Material for this exercise:
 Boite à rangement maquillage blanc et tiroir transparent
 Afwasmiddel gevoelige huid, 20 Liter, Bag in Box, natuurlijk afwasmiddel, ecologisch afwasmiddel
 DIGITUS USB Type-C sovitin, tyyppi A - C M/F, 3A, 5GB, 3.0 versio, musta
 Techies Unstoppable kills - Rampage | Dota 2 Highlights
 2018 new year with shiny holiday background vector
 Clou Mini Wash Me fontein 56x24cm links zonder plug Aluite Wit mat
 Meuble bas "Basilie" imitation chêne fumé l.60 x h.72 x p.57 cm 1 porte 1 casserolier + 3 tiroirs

---

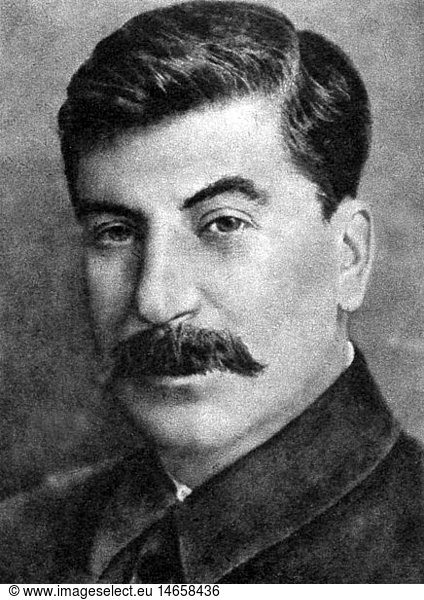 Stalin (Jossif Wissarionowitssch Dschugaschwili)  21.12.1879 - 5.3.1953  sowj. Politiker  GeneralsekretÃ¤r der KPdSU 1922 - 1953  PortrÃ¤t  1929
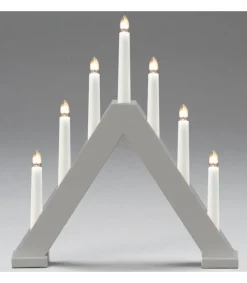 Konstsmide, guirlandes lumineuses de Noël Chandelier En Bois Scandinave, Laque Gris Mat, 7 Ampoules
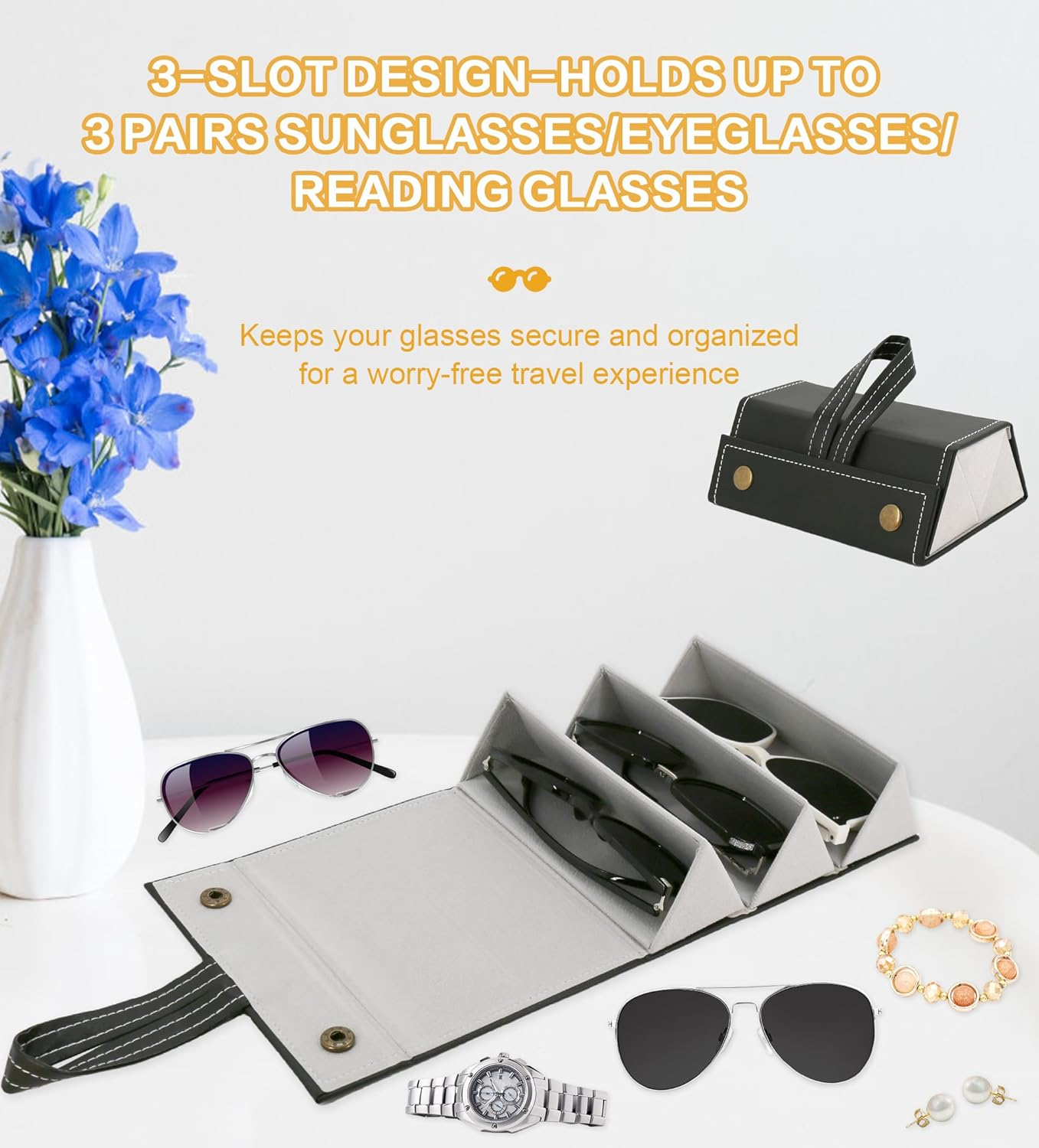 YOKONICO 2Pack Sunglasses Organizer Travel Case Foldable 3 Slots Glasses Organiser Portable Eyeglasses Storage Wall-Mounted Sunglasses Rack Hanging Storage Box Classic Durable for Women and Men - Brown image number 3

--

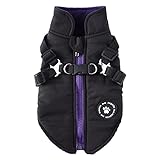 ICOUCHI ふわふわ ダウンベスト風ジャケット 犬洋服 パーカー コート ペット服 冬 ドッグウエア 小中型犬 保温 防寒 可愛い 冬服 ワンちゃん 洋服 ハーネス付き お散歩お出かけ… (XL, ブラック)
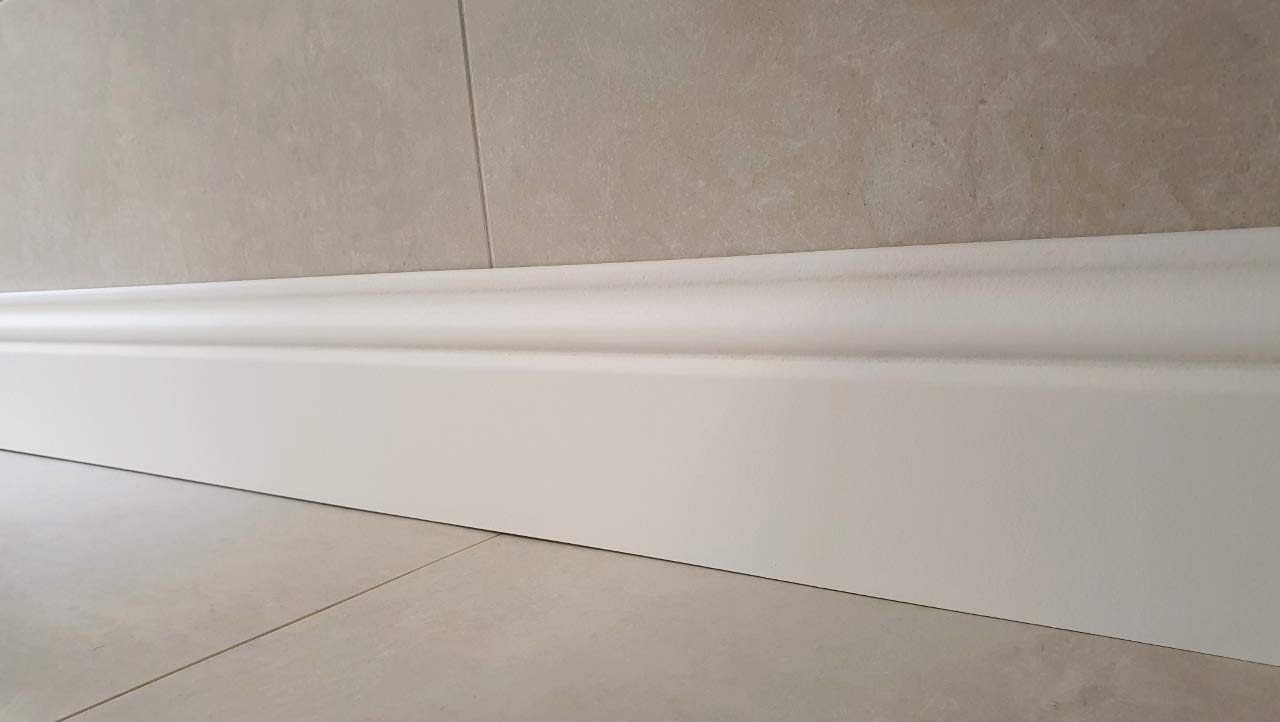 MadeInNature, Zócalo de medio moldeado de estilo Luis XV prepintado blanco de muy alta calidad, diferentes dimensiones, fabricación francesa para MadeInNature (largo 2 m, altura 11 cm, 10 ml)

Work to complete: Give back exactly the lines above from the one with "Konstsmide, guirlandes lumineuses" through the one with "YOKONICO 2Pack Sunglasses", both included. Pictures don't belong in the copy.

Output for this task:
 Konstsmide, guirlandes lumineuses de Noël Chandelier En Bois Scandinave, Laque Gris Mat, 7 Ampoules
 YOKONICO 2Pack Sunglasses Organizer Travel Case Foldable 3 Slots Glasses Organiser Portable Eyeglasses Storage Wall-Mounted Sunglasses Rack Hanging Storage Box Classic Durable for Women and Men - Brown image number 3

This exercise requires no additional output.